Parking lots are an architecture of use and they are an architecture of amnesia. They are, perhaps in Germany more clearly than elsewhere, about amnesia through use. The walls of the Spandau prison were ground down and scattered in the Baltic Sea, as if they were literally contaminated. The site itself, by contrast, was filled with quotidian substance: shopping carts, sad patches of grass and minivans backing into too-small spots. Every visitor to Berlin will have come across the Stolpersteine – little brass plaques put into the sidewalk to memorialize Jews murdered by the Nazis. The Stolpersteine – ‘tripping stones’ – are meant to arrest you in your everyday routines, if only for a moment, to force memory from thoughtlessness. The paving stones of a parking lot are their opposite: smoothing stones, handmaidens of thoughtlessness.

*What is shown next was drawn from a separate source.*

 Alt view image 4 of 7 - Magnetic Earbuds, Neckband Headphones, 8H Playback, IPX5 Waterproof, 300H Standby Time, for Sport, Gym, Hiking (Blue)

The photographer Eva Leitolf spent twenty years assembling the series Deutsche Bilder (German Images): photos of places where racist attacks – arson, assaults, murders – have occurred. There is one picture in the set that reminds me of the Kaufland in Spandau. A four-lane road, two houses and three parking spots. The street itself is in Helmstedt, Lower Saxony, but the image feels like it could have been taken anywhere.
The attack that happened here in 2007 – a Turkish-German man was smashed against the fence and threatened with death – is so ordinary that news reports about it are almost impossible to find today. As is the setting: the road with the leafless trees on the other side; the pretty two-story houses that suggest an urban planning rationale long since abandoned or forgotten; the metal fence that seems to be the preordained perimeter of suburban supermarkets across Germany. And the three tiled parking spaces, separated by lines of white tiles: I’ve always found them deeply oppressive, perhaps because they’re not – as in Californian parking lots with their washed-out markings on failing asphalt – evidence of neglect. Someone cared enough to set down these stones, to hammer them in just right, to engineer this pattern, to go the extra inch. This surface is uncaring by design, not by neglect.
The small parking lot feels as though it looks the way it does in order to shrug off what would one day happen. This projective amnesia, as though whatever violence and misery could take place in this location could never truly find a home there in memory – this ability feels deeply connected to the fact that it is traffic architecture. Pictures of roads, intersections or sidewalks don’t make up the bulk of Leitolf’s pictures. But they show up in a lot of them.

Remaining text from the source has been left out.